Principal Investigator: Jason Martz, University of Michigan, jmartz@umich.edu
Faculty: Angela Violi, George Lavoie, Andre Boehman, Margaret Wooldridge, University of Michigan
Marcis Jansons, Wayne State University
Student: Shuqi Cheng, Ung Hee Lee, University of Michigan
Government: Peter Schihl, U.S. Army TARDEC
Tim Edwards, Air Force Research Lab.
Industry: James Anderson, Ford Motor Company
Peter Attema, Daimler Trucks Powertain Engineering

The objective of the current work is the generation of a validated reduced kinetic mechanism (with ~ 200 – 300 species) for use with JP-8, IPK and S8 fuel surrogates to enable predictive computational fluid dynamics (CFD) engine simulations for future US Army engine designs. In particular, this work will optimize select low temperature heat release (LTHR) and negative temperature coefficient (NTC) reaction rate parameters involving hydrocarbon species with carbon number larger than C4 to better predict experimental LTHR and NTC ignition delays. The existence of such an improved mechanism will lead to more accurate CFD models and improved Diesel engine designs with reduced experimental engine development efforts.

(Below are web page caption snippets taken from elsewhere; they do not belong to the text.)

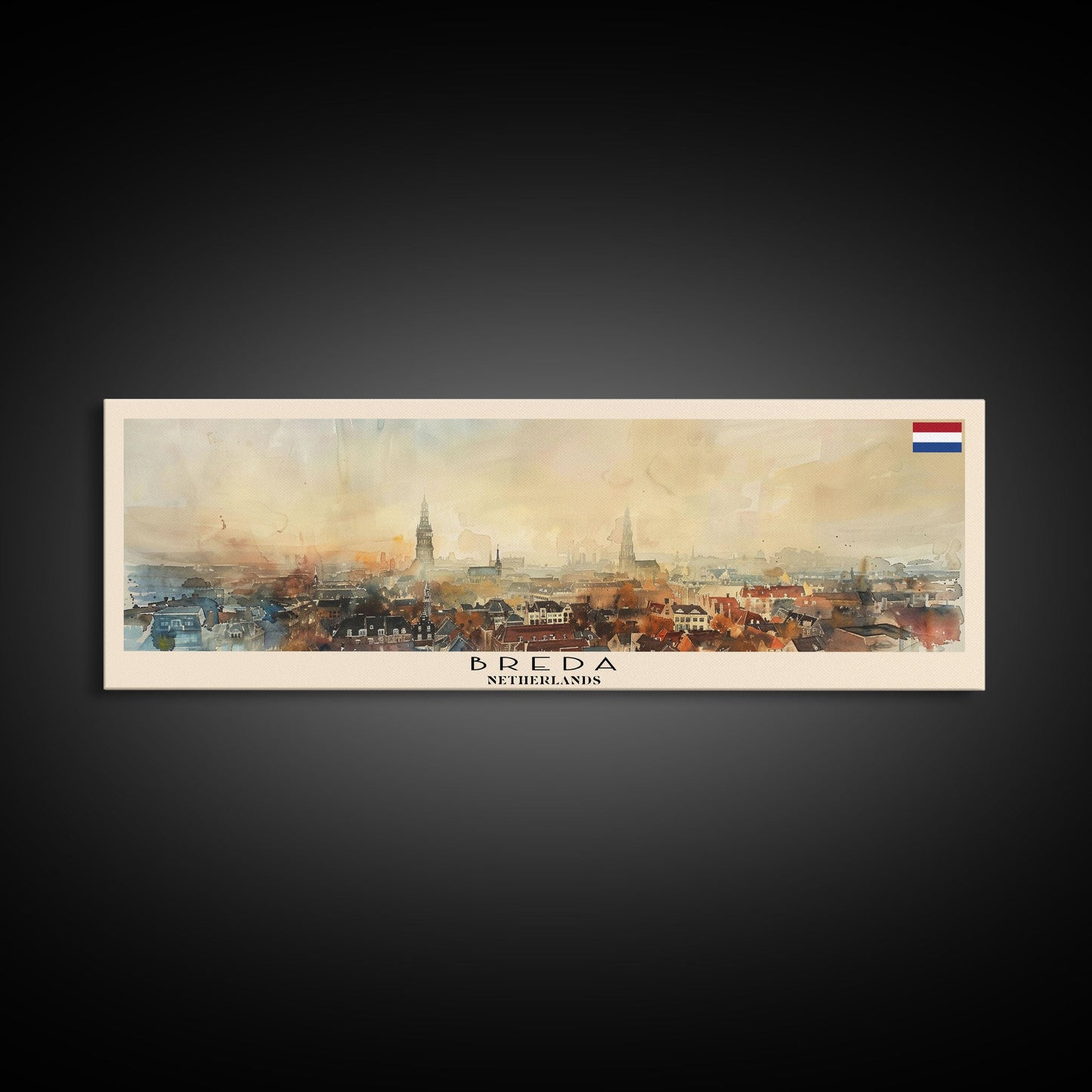Breda Netherlands Panoramic Travel Poster, Framed Canvas Print or Metal Wall Art, Travel Art, Home Decor, Panoramic Painting, Midcentury Art
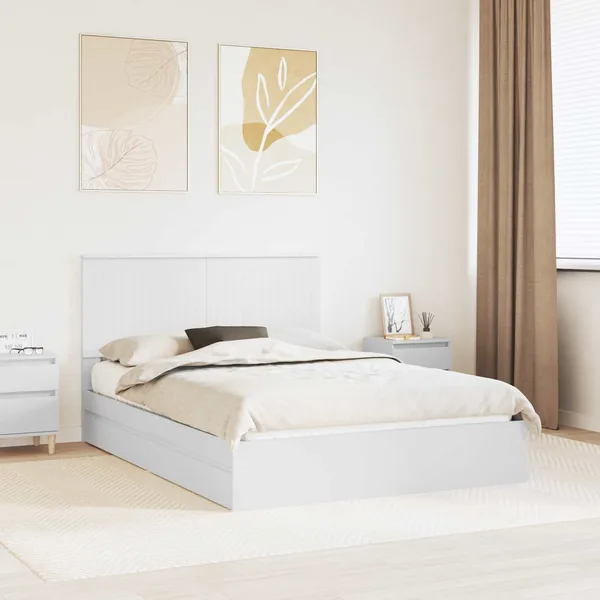 Lit de Rangement Blanc 140 x 190 cm Bois d'ingénierie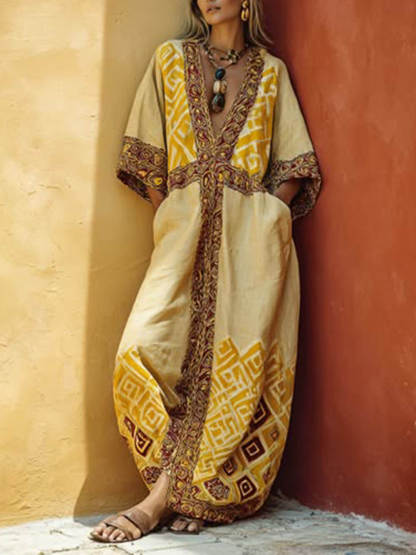 Western Cowboy Cotton-Linen Casual Vacation Maxi Dress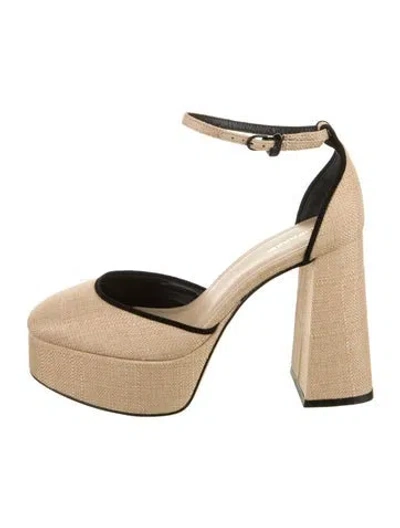 Pre-owned Larroude Raffia D'orsay Pumps In Neutral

This work builds upon the surrogate optimizer developed by the principals [2] with TARDEC funding to match the physical and chemical properties of JP-8, IPK and S8 fuels. Our developed surrogate palette consists of four pure molecules: n-dodecane, iso-cetane, decalin, and toluene for conventional JP-8, along with the linear alkanes n-decane and iso-octane to represent the dominant linear alkane compositions of IPK and S-8 [1]. Our JP-8 surrogates have been experimentally validated in constant volume spray bombs [1] and engines [3, 4] with low ignition timing errors – recent results in [1] show less than ~ 1 point DCN error [1]. Given these encouraging results, our efforts have shifted to the evaluation and improvement of chemical mechanisms for both the neat JP-8 palette components and JP-8 surrogate mixtures [1].

The primary motivation for this project, and the "cluster" of projects of which this one project is a component, is the need to develop predictive simulation capabilities for IC engine combustion to enable the design of next generation engines and to account for continuing shifts in fuels on which these engines rely. This group of overlapping, integrated projects will be referred to as the "JP-8 Combustion Chemistry Cluster," where the value to TARDEC from clustering is that by engaging in an integrated group of projects, funding will be leveraged and the value (i.e., outcomes) will be amplified. As such, the cluster represents a multi-faceted initiative that will achieve a significant outcome to advance the state of the art for the simulation of ground vehicles and provide an important deliverable – a validated and common reduced kinetic mechanism (with ~ 200 – 300 species) for use with JP-8, IPK and S8 fuel surrogates to enable predictive engine simulation for future US Army engine designs. Such a mechanism does not currently exist.

Linked with ARC Project "Combustion Chemistry of Jet Fuels: from Atomistic Simulations to Mechanism Development"

Publications:

  • D. Kim., J. Martz, A. Abdul-Nour, X. Yu, M. Jansons and A. Violi. "An inclusive six-component surrogate for emulating the physical and chemical characteristics of conventional and alternative jet fuels and their blends." Submitted to Combustion and Flame.

References:

  1. D. Kim, J. Martz and A. Violi, Submitted to Combustion and Flame (2015).
  2. D. Kim, J. Martz and A. Violi, Combustion and Flame 161 (2014).
  3. X. Yu, X. Luo, M. Jansons, D. Kim, J. Martz and A. Violi, SAE International Journal of Fuels and Lubricants 8 (2015).
  4. D. Kang, D. Kalaskar, D. Kim, J. Martz, A. Violi and A. Boehman, Fuel 184 (2016).